DEMOCRAT Sharon Pratt Dixon, riding a pledge to ``clean house,'' was elected District of Columbia mayor Nov. 6 to succeed Marion Barry, who lost a City Council bid. In a landslide, Ms. Dixon, a lawyer who has never held elective office, defeated Republican Maurice Turner, a 32-year police veteran who retired after eight years as chief in 1989 and then switched to the GOP to run for mayor.

Mayor Barry decided not to seek election to a fourth term after his arrest in January on cocaine possession charges. He ran instead for one of two at-large seats on the D.C. City Council but finished third in a field of eight.

In late October, Barry was sentenced to six months in prison, a sentence he is appealing.

Dixon, who will usher in a new era of D.C. politics when she takes office Jan. 2, becomes the first native Washingtonian and only the third person to be elected mayor since the District of Columbia got home rule in 1968.
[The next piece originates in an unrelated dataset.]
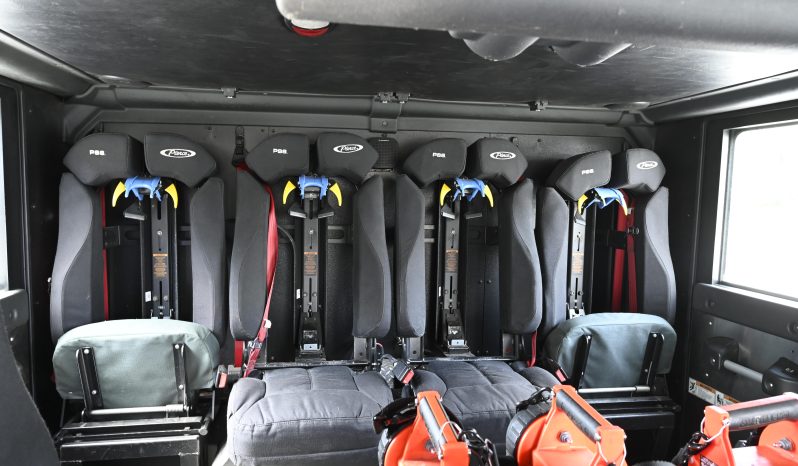 2009 Pierce 75′ Heavy Duty Aluminum Aerial Quint full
``The people of the District of Columbia have spoken and they've sent a message, clearly, unequivocally, and almost universally,'' Dixon told cheering supporters. ``They have said that it is time to clean house.''

The final vote totals gave Dixon 140,011 votes, or 86 percent, compared with 18,653 votes for Turner, or 11 percent. Nine other minor party or independent candidates split 3 percent.

Dixon is a former vice president of Potomac Electric Power Company and former treasurer of the Democratic National Committee.

Democrat Eleanor Holmes Norton, a former Carter administration official, easily won election as the district's nonvoting delegate to Congress, replacing Democrat Walter Fauntroy, who held the seat for 20 years. He had run unsuccessfully for mayor.